Luna Miguel (Alcalá de Henares, 1990) es autora de poemarios como ‘El arrecife de las sirenas’ y ‘Poesía masculina’ y de la novela ‘El funeral de Lolita’.
Agustín Fernández Mallo
Ivan Giménez – Seix Barral
Noche oscura en la oscuridad gallega
Los recuerdos de lo vivido en las noches suelen ser muy nítidos. Quizás porque habitan el espacio soñado entre el deseo y la realidad. En la noche empiezan y terminan el presente y el futuro, como la de Agustín Fernández Mallo.
“La noche en que supe que había terminado la carrera universitaria sentí la necesidad de pasarla solo, retener la emoción. Pedí un coche prestado y salí de Santiago de Compostela pasada la medianoche, en dirección Sur, sin rumbo fijo, donde me guiaran los faros del coche. Pienso ahora que los mejores viajes tienen algo de faro de coche, alumbran un lugar y cuando llegas no te detienes porque ya están señalando otro más allá. Recuerdo haberme sentido perdido, y reconfortado al atravesar pueblos que conocía, Vilagarcía de Arousa, O Grove, Baiona. Amanecía cuando dejé atrás la imponente catedral de Santa María de Tui. Seguí el cauce del río Miño hasta A Guarda, con sus casas de colores amontonadas en el puerto, junto al monte de Santa Tecla, del que había oído que desde su cumbre hay una espectacular vista de la desembocadura del Miño y de Portugal. En tanto ascendía, con las primeras luces del día, pasé por los restos del castro de Santa Tecla, poblado de cabañas de planta ovalada lo más parecido a naves de otro mundo.

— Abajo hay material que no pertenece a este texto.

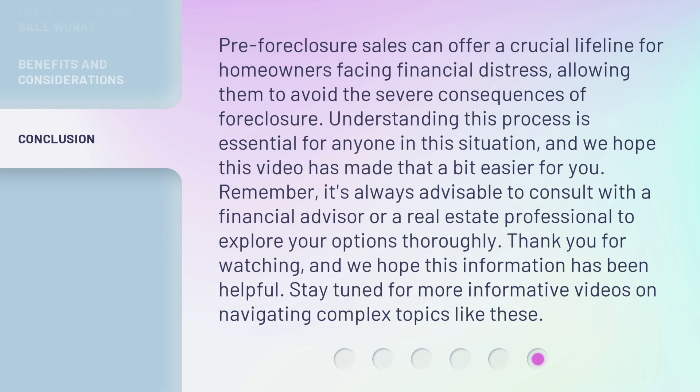Pre-foreclosure sales can offer a crucial lifeline for homeowners facing financial distress, allowing them to avoid the severe consequences of foreclosure. Understanding this process is essential for anyone in this situation, and we hope this video has made it easier for you. Remember, it's always advisable to consult with a financial advisor or a real estate professional to explore your options thoroughly. Thank you for watching, and we hope this information has been helpful. Stay tuned for more informative videos on navigating complex topics like these.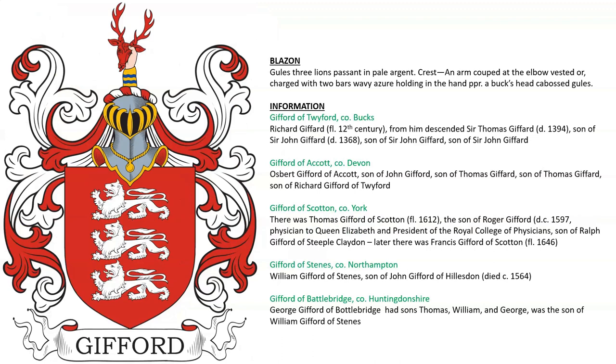Here we have one that has a crest: an arm cooped at the elbow, vested or, charged with two wavy bars azure, holding in the hand proper a buckshead cabossed gules. This was for the Giffords of Twyford in County Buckinghamshire. There was a Sir Thomas Gifford and Sir John Gifford in that line, as well as Gifford of Acott in Devon.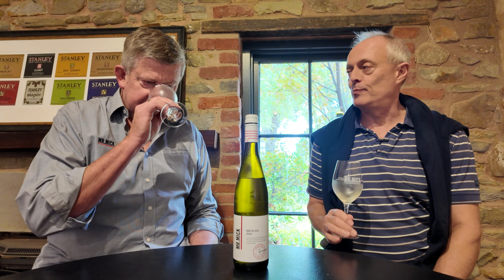Jeremy Oliver here in the cellar door at Mr. Mick with Mr. Mick's protege, Tim Adams. And we are tasting the Mr. Mick Riesling from 2023, Tim.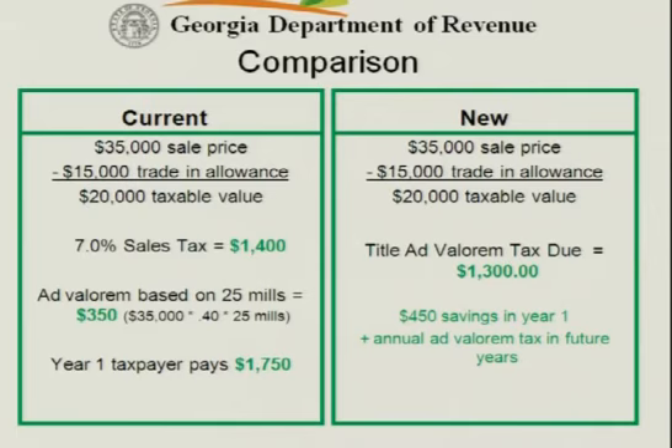Their first year, they're going to have an ad valorem tax bill of about $350. So year one, their total tax investment in this vehicle is $1,750.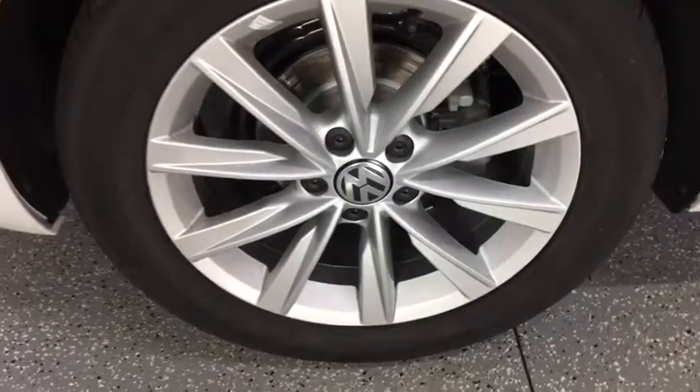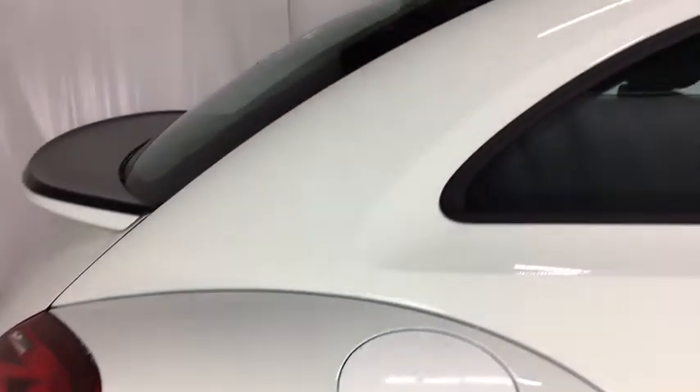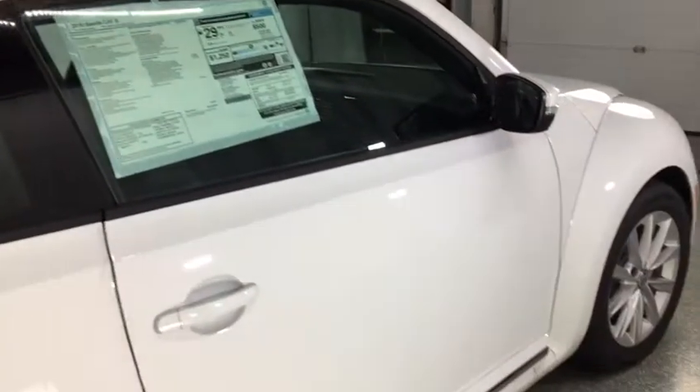Stability control, traction control, keyless entry, anti-lock braking system, steering wheel audio controls, backup camera, Bluetooth, leather wrapped steering wheel, power steering, adjustable steering wheel.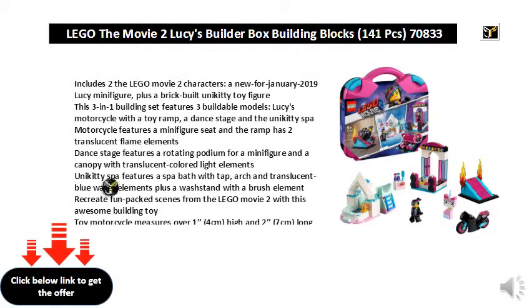Includes two LEGO Movie characters: a new-for-January 2019 Lucy minifigure, plus a brick-built Unikitty toy figure. This 3-in-1 building set features three buildable models: Lucy's motorcycle with a toy ramp, the dance stage, and the Unikitty Spa.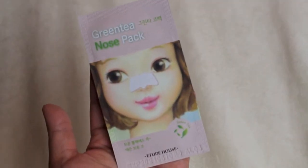I think I've tried this before. This is the A'pieu green tea nose pack, and I love nose strips. There's nothing more satisfying than pulling off a nose strip and seeing all that stuff that came off your nose. Again, A'pieu is a great brand.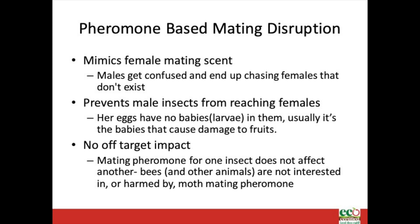One of the insect management strategies many orchards use is mating disruption. Dispensers — some of which look like a red bag twist tie — are infused with a mating pheromone which disperses throughout the orchard, thoroughly confusing the male moths that are there looking for females to mate with. This pheromone mimics the female mating scent. Males get confused and end up chasing females that don't exist. It prevents male insects from reaching females, therefore her eggs have no babies or larvae in them. Usually it's the babies that cause damage to the fruit. Mating pheromone for one insect does not affect another. Bees and other animals are not interested in or harmed by moth mating pheromone.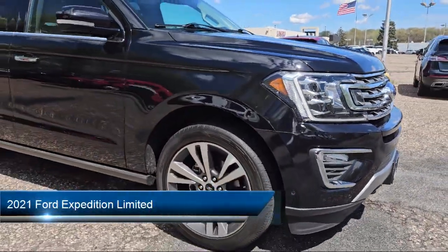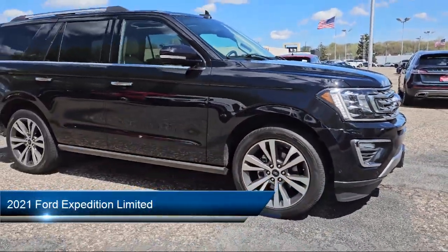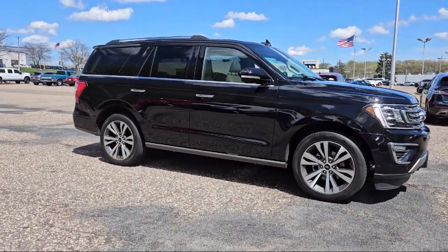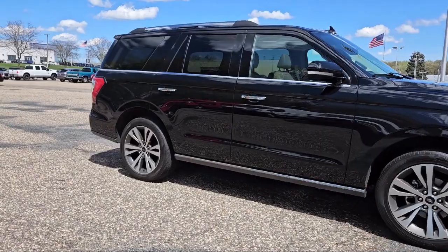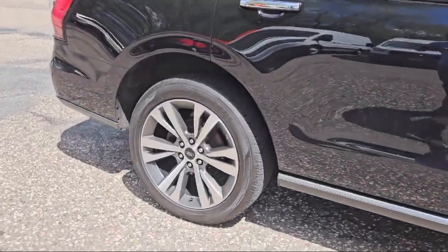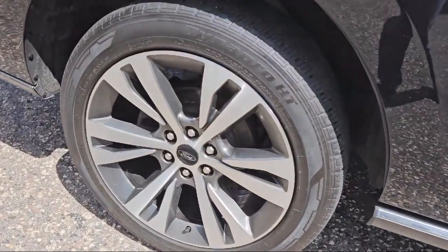It comes equipped with navigation, remote trunk release, leather seating, tow hooks, running board package, tow package, keyless entry, air conditioning, traction control, fog lights, and has less than 35,000 miles on the odometer.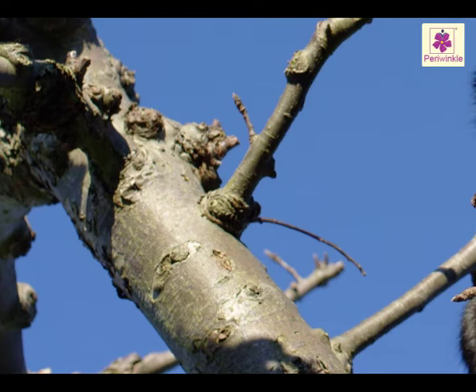Now look at this picture carefully. Note the scars on the twig of the tree. When leaves fall, they leave a scar on the bark. The distance between two girdle scars shows how much the twig has grown in one year.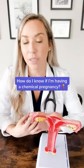How do I know if I'm having a chemical pregnancy? Well, for starters, you're going to see a positive pregnancy test. Then, when you go into your doctor and they do an ultrasound, they're not going to see any signs of a fetus growing in the uterus.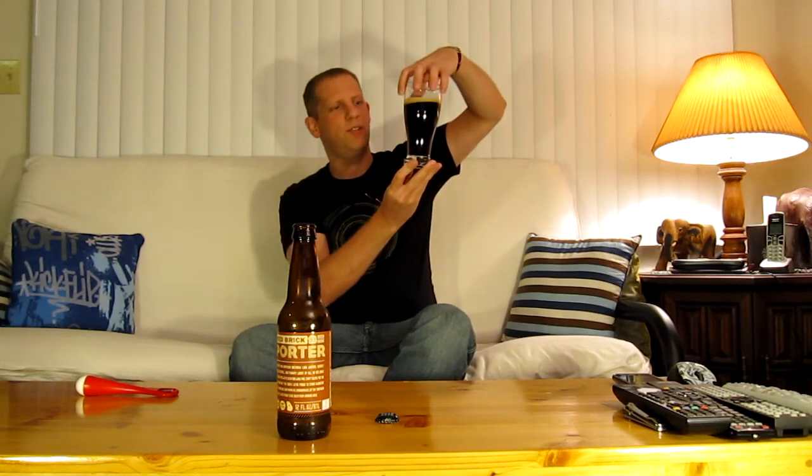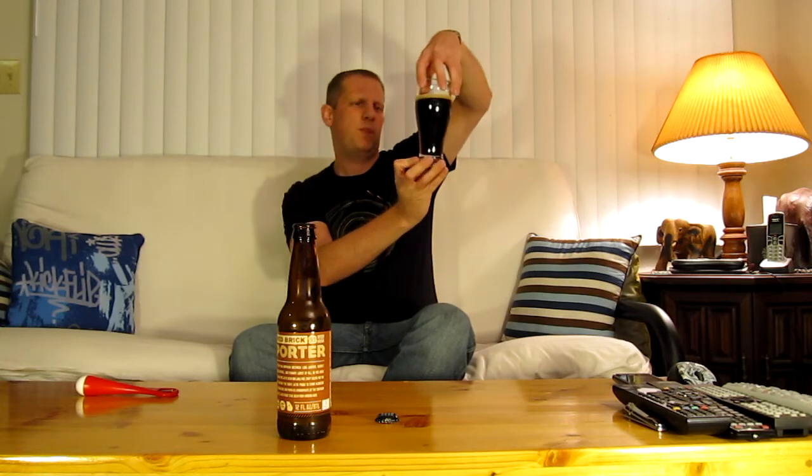This is not completely black — it's sort of a very, very dark ruby color. Very small head on it, not much head to it.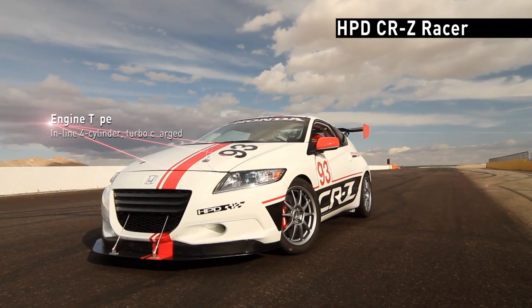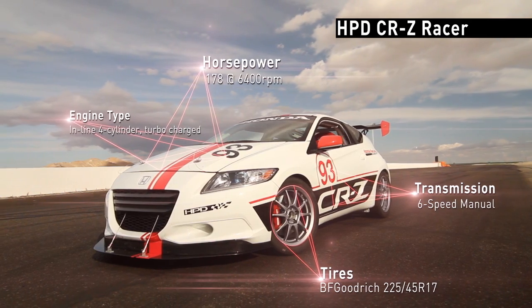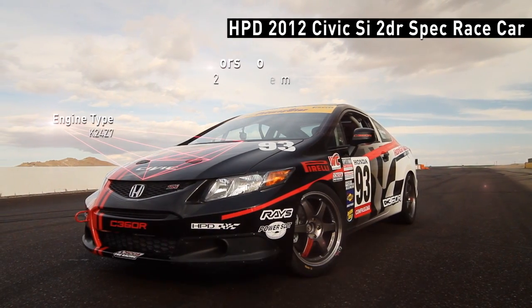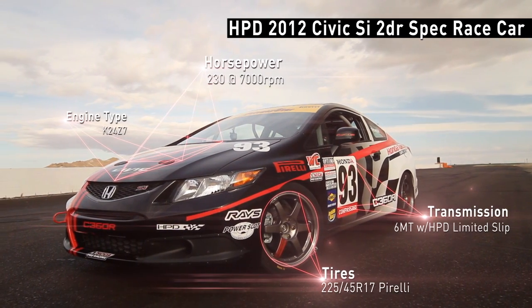We've done things like the CRZ racer, which we raced at the 25 Hours of Thunder Hill last year to prove that hybrid power can also be sporty. We're also working with some of our partner teams in Grand Am and World Challenge on the 2012 Civic SI, developing that for racing so the car can be capable of winning a championship.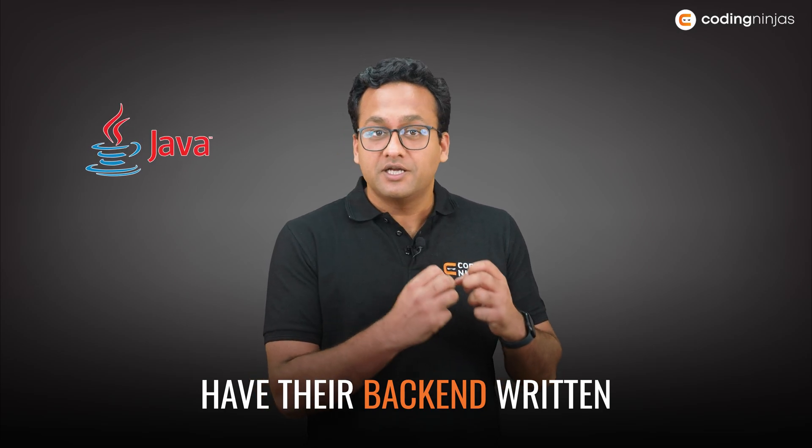Java Spring Boot is an amazing technology which has been around for a long, long period. If you look at the kind of companies using Java Spring Boot, you'll find that almost all major companies have their back-end written in Java Spring Boot.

Llegué al mirador de la cima. En efecto, el Miño se funde con el océano en una lengua de agua y bruma, como a partir de entonces la vida, pensé mientras observaba los barcos regresar de su pesca nocturna”.
Y así transcurre un día por diferentes lugares del mundo rodeados de agua. El día empieza dentro del mar y termina en su orilla.
Agustín Fernández Mallo (A Coruña, 1967) es autor de la trilogía de novelas ‘Nocilla’, ‘Limbo’ y ‘Trilogía de la guerra’.